According to statistics presented in \Cref{tab:feature_comparison}, the feature vectors of LP-FT demonstrate smaller changes from those of the pre-trained model compared to FT. Consequently, LP-FT maintains high cosine similarity among its features and exhibits a low Fisher's discriminant ratio (FDR)~\citep{fisher1936use}, which assesses linear separability. Conversely, the classifier norms after LP and LP-FT is substantially larger than those of the pre-trained model and after FT, suggesting a significant increase in classifier weights during LP. A similar trend is observed in training with LoRA.
%------------------------------------------------------------------------------------------
\subsection{Kernel analysis}
\label{subsec:kernel_analysis}
We examined the overall NTK matrix and its pre-train-effective and FT-effective components to understand their properties. Kernel regression was performed on the train and test sets to evaluate the performance of each kernel matrix.

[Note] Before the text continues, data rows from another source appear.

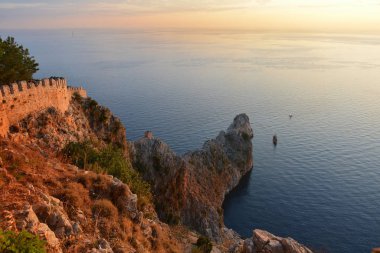 Gün batımında Alanya Şatosu 'ndan güzel deniz ve kayalar görünüyor.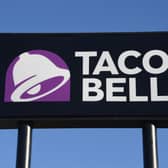 An exterior view shows a sign at a Taco Bell restaurant  (Photo by Ethan Miller/Getty Images)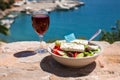 A glass of red wine and bowl of greek salad with greek flag on by the sea view, summer greek holidays concept. Royalty Free Stock Photo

%------------------------------------------------------------------------------------------
\paragraph{Analysis of NTK matrix components and effectiveness of LP-FT}
In~\Cref{tab:kernel_statistics}, the FT-effective component of the NTK matrix for LP-FT shows a higher rank and greater kernel regression accuracy compared to the pre-train-effective component, and the overall NTK matrix has intermediate properties. Additionally, the FT-effective component contributes more significantly to the overall kernel in LP-FT than in FT, as indicated by a higher FT Ratio. This ratio, calculated as the average of $\|\sum_{i=1}^N  \bm{F}(\bm{x}, \bm{x}_i) \bm{\delta}_i\| / \|\sum_{i=1}^N \left(\bm{P}(\bm{x}, \bm{x}_i) + \bm{F}(\bm{x}, \bm{x}_i)\right) \bm{\delta}_i\|$ for the train set samples, reflects the enhanced influence of the FT-effective component in LP-FT than in FT. These results suggest that the NTK matrix of LP-FT better captures input data through the increased influence of the FT-effective component.

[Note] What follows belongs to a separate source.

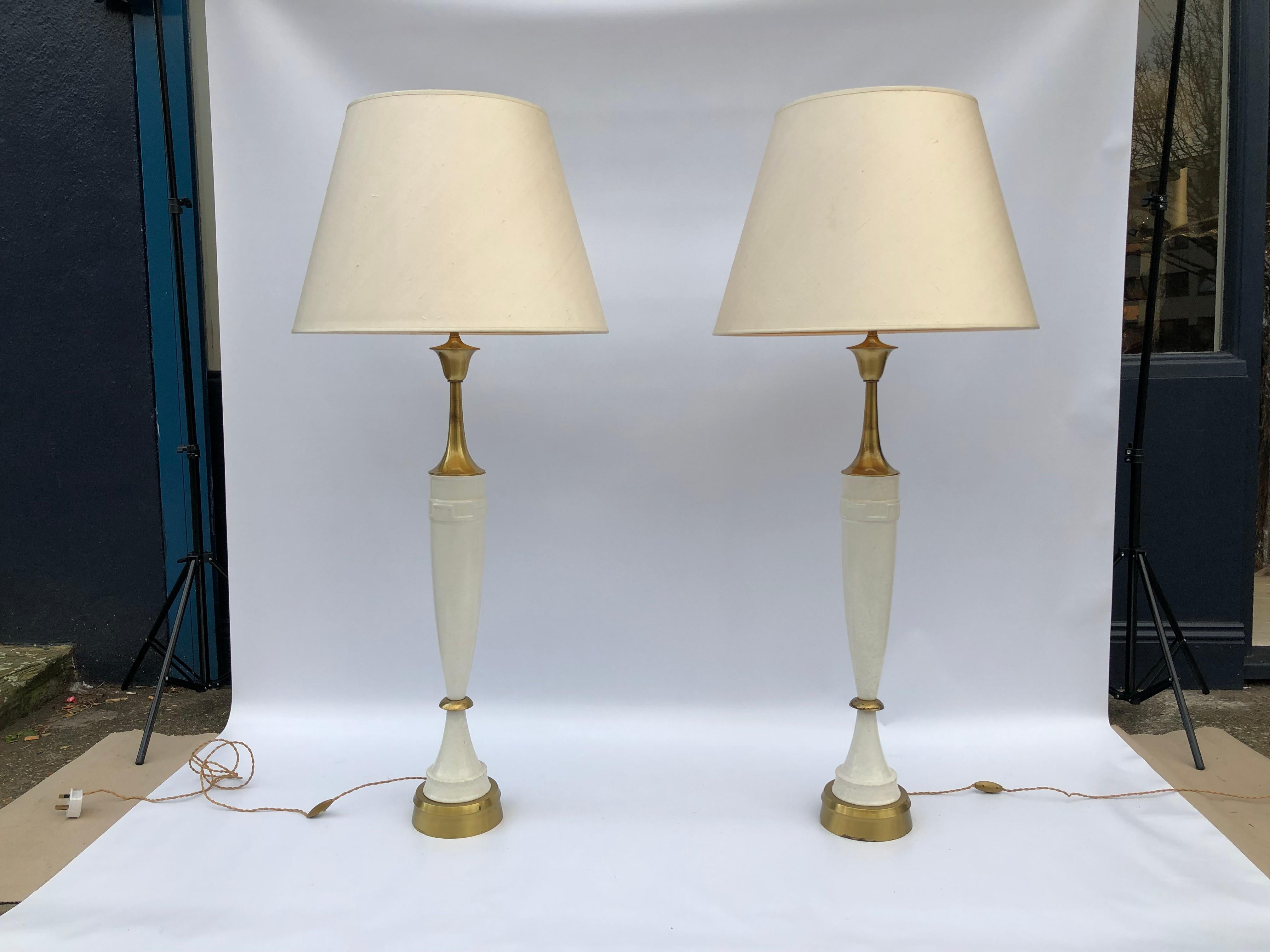 A pair of identical and impressively tall table lamps by LAUREL imported from USA in the early 70s and have been in the same estate since. 

They are made from a stylish cream ceramic and brass elegant finishings. There is a neo-classical element to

%------------------------------------------------------------------------------------------
\paragraph{Similarities between LoRA and FT}
The ranks of the FT-effective components in LoRA and FT (or LP-LoRA and LP-FT) are similar, as indicated in~\Cref{tab:kernel_statistics}. Their distributions of singular values normalized by the maximum singular value, also closely align, as shown in~\Cref{fig:ntk}. These results suggest that the FT-effective components of the NTK matrix in FT and LoRA differ only by a scalar factor. This consistency demonstrates that our analysis (\Cref{subsec:ntk_analysis}), originally based on a two-layer linear model, is applicable to more complex Transformer-based models.
%------------------------------------------------------------------------------------------
\subsection{Analysis of classifier weight norms and temperature scaling}
\label{subsec:classifierAndTemperatureScaling}
We experimentally verified significant effects of classifier weight norms in training (\Cref{subsec:ntk_analysis}) and at test time (\Cref{subsec:discussion}) in the following.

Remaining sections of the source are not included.